I have seen several dozen people walk away after a brief prayer interaction from me holding their canes, crutches, and plastic casts in their hands. And I have seen dozens of others people do the same thing – a few in person (mostly my own family whom I trained in the same disciplines), but mostly on YouTube. Nearly none of them learned that in their church from their official teaching (not as in “God can still heal today”, but as in getting trained to get a reliable track record of real-world results). The story is always either “I learned it from guys on YouTube / Facebook”, or less frequently “Well, there was this one guy in our church who showed me … “.
Hands-on – that’s how it’s done! It’s training through discipleship and personal interaction, not through listening to someone talk about things that they have heard from someone else and a wishin’ and a hopin’ and a prayin’ that one day things will change for you. Well, I got news for you – they won’t if YOU don’t. And that begins with changing your mind – a.k.a. repentance. And that’s the reason we are having this straight talk things that are as real as life itself.

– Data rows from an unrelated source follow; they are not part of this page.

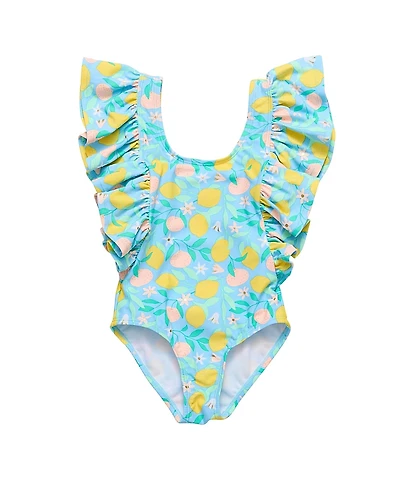 Snapper Rock Unisex Lemon Drops Wide Frill Swimsuit-Baby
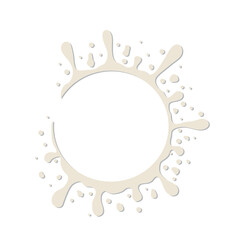 Milk emblem and dairy label with splashes and blots for design. Vector milk stain and drops of cream, stock illustration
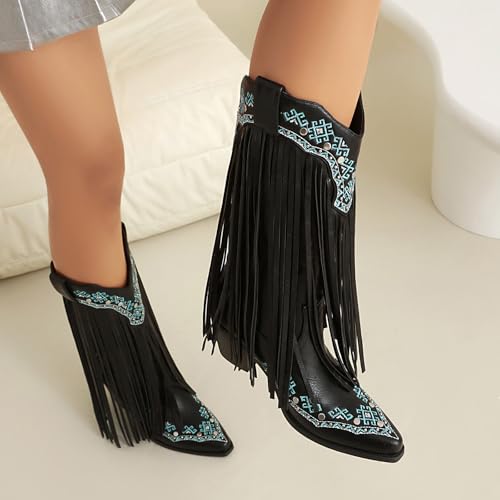 Embroidered Fringe Cowboy Boots for Women, Snip Toe Cowgirl Mid Calf Boots With Rivets Pull On Chunky Heel Embroidered Western Country Boot.4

There are things in my Kingdom walk where I am still not very good at. For me though, the biggest reason for that is that I can’t get hold of good training programs in those areas. In the areas where I did get hold of the right “playbook” – I excelled quickly, and the people whom I taught what I knew progressed even quicker than myself.
There is a way to get trained in the things of God. There’s a path of sustained growth. There’s a way to get to the championship level. And it’s not all trophies and confetti, either. There’s a price that you will have to pay. To give you a couple of examples in the area of divine healing. One church nearly kicked me out for praying for their sick (they didn’t believe it was possible for today, but they DID believe that I could demonize their folk by praying. That’s what the head of church security, who was an ordained minister, told me. Apparently, they do believe in the power of the devil much more than in the power of the living God).
The leadership of another church where I was praying for their sick was passive-aggressive toward me over the same thing. Faced with undeniable healing testimonies, their contention was that I did’t have an official ministry title. When I produced the ordination card out of my wallet (I was independently ordained at the time), I was then told that I wasn’t ordained in their church, and so it didn’t count. Apparently some ministers are way too territorial to acknowledge ordinations issued outside, even though it was basically the same denomination. Shortly after that I returned the ordination credentials back to the issuer, since it was clear to me that this paper was completely useless in the real world.
Those things bothered me a bit at the time, but now I simply chalk them up to being small battle scars. Each of them tells me a story of me choosing the Path of walking with the Living God over bowing down before the idols of man-made systems who were too blind to see when God was in operation among them, regardless through whom it was flowing.
Even though this path is not without trails – the rewards of following it are more than worth it, in my book. That path only opens up after taking the red pill. It’s not for everyone. It’s for those who want to be champions, reformers, pioneers. It’s for those who want deep significance for their lives.
Here’s a quote from a modern day champion, a true pioneer in the digital world:
It may not be easy, but I really think it’s worth it in the end.